Leica will be bestowing American photographer Bruce Davidson with the Leica Hall of Fame Award on June 15, 2018. In his honour, a selection of pictures from his extensive archive will be shown in the context of a major exhibition that will open to the public in the Leica Gallery in Wetzlar from June 15 until September 9, 2018.

‘Viewers past and present are inescapably drawn to the mixture of intimacy and detachment, curiosity and nonchalance, documentation and compassion, and his uniquely personal view of the world. Even so, the secrets of his pictures are still not revealed in all their facets. It is possible that precisely this is the decisive reason why we revisit his evocative images, time and time again. With the Leica Hall of Fame Award, we are now honouring Bruce Davidson for his lifework and his untiring and equally outstanding engagement as a photographer’, says Karin Rehn-Kaufmann, Art Director & Chief Representative Leica Galleries International.

Bruce Davidson was born in 1933 and raised in New York City. He began taking photographs at the age of ten. In his last year at high school, Davidson won first prize in the animal life category of the Kodak National High School Photographic Award. Afterwards, he went to the Rochester Institute of Technology and studied photography, and began work as a darkroom technician at Eastman Kodak after graduation. In 1954, he bought his first Leica M3. Davidson eventually held his first solo exhibition at the MOMA New York in 1963. Since then, he has been honoured with numerous awards and prizes.

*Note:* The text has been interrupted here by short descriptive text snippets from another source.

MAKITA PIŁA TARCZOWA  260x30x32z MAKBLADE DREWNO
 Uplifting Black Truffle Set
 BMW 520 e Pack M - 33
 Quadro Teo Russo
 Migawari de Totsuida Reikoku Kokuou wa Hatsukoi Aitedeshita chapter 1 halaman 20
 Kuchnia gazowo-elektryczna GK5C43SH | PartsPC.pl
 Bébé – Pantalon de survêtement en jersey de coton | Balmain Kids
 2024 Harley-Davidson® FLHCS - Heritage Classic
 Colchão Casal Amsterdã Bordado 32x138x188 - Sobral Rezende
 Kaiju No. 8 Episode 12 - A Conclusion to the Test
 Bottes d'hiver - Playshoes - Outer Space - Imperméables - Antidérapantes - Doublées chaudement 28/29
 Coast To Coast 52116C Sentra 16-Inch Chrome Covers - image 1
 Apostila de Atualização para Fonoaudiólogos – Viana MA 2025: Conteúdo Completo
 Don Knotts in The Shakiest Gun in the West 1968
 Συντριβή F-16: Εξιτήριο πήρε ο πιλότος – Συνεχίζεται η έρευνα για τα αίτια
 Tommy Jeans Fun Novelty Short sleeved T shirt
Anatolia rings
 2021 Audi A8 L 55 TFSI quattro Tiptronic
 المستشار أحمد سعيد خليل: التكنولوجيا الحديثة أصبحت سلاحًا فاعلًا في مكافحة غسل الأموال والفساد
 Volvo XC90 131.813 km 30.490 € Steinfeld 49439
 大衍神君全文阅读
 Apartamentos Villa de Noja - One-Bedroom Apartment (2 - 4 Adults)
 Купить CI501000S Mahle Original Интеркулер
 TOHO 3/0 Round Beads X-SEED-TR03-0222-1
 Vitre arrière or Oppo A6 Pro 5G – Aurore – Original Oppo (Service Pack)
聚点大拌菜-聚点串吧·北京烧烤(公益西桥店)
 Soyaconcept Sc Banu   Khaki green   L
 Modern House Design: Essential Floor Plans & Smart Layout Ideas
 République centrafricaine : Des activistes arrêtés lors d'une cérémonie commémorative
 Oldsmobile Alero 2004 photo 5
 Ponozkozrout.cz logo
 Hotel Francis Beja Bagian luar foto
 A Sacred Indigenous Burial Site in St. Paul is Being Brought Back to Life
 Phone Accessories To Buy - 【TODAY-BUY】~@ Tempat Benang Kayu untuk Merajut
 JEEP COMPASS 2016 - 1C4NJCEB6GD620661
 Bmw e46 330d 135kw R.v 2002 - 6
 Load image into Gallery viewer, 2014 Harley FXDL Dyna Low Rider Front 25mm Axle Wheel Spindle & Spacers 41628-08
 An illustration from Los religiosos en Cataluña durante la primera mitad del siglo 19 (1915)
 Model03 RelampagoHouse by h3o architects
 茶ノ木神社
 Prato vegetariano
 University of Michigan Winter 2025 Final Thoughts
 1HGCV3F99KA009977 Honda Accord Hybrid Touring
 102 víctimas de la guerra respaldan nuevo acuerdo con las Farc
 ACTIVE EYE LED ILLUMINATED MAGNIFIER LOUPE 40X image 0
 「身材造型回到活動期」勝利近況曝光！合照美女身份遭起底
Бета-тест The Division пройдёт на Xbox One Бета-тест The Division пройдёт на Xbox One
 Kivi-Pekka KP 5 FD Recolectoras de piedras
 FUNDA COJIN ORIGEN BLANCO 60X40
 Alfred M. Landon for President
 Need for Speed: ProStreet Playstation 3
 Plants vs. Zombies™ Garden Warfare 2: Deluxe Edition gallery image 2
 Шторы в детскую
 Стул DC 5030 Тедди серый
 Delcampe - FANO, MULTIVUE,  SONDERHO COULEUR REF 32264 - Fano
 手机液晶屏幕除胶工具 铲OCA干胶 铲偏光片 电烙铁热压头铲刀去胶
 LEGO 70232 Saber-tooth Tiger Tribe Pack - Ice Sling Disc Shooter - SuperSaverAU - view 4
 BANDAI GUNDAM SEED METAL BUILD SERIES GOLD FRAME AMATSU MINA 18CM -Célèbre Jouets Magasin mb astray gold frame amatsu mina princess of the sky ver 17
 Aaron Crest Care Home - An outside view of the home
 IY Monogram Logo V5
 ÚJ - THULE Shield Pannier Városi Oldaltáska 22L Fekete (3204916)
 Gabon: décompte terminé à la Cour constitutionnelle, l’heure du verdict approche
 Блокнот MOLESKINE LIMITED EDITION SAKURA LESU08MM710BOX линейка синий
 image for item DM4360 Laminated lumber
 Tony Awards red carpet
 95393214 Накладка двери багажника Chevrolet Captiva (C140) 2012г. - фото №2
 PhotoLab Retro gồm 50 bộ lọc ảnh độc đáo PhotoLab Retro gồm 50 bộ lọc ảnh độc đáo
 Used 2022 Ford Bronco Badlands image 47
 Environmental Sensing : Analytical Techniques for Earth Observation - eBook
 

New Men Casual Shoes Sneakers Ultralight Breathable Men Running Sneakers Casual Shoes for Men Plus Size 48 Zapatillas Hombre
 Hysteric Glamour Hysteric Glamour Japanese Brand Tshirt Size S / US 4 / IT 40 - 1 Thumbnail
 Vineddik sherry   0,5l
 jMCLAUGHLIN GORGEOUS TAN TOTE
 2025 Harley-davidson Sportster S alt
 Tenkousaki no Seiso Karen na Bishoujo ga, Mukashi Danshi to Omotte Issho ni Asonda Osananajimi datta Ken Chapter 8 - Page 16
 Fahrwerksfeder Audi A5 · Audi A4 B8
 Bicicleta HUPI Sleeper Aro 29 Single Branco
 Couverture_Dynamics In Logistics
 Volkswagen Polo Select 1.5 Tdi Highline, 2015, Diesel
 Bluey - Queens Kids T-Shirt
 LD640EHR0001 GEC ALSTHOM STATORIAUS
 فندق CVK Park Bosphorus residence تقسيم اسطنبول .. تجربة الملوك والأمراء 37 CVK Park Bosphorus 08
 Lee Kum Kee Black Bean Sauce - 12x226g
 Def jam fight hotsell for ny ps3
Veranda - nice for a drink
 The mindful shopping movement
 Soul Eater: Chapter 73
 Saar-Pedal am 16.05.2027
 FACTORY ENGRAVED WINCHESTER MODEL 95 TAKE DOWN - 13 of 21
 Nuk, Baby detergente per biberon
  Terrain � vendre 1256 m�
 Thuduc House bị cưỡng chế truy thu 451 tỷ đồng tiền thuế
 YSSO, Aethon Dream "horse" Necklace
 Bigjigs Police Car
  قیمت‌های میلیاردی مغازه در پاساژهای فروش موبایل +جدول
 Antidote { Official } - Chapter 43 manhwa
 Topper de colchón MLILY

Throughout the years, Bruce Davidson’s photographs have become inscribed in the canon of the most important reportages and documentary records of everyday life in the USA. These include ‘Brooklyn Gang’, ‘East 100th Street’ and ‘Subway’ – and the story of Jimmy Armstrong, the dwarf-clown of the Beatty circus. His sensitive portrait series most often provides startling insights into worlds otherwise closed to the viewer’s eyes.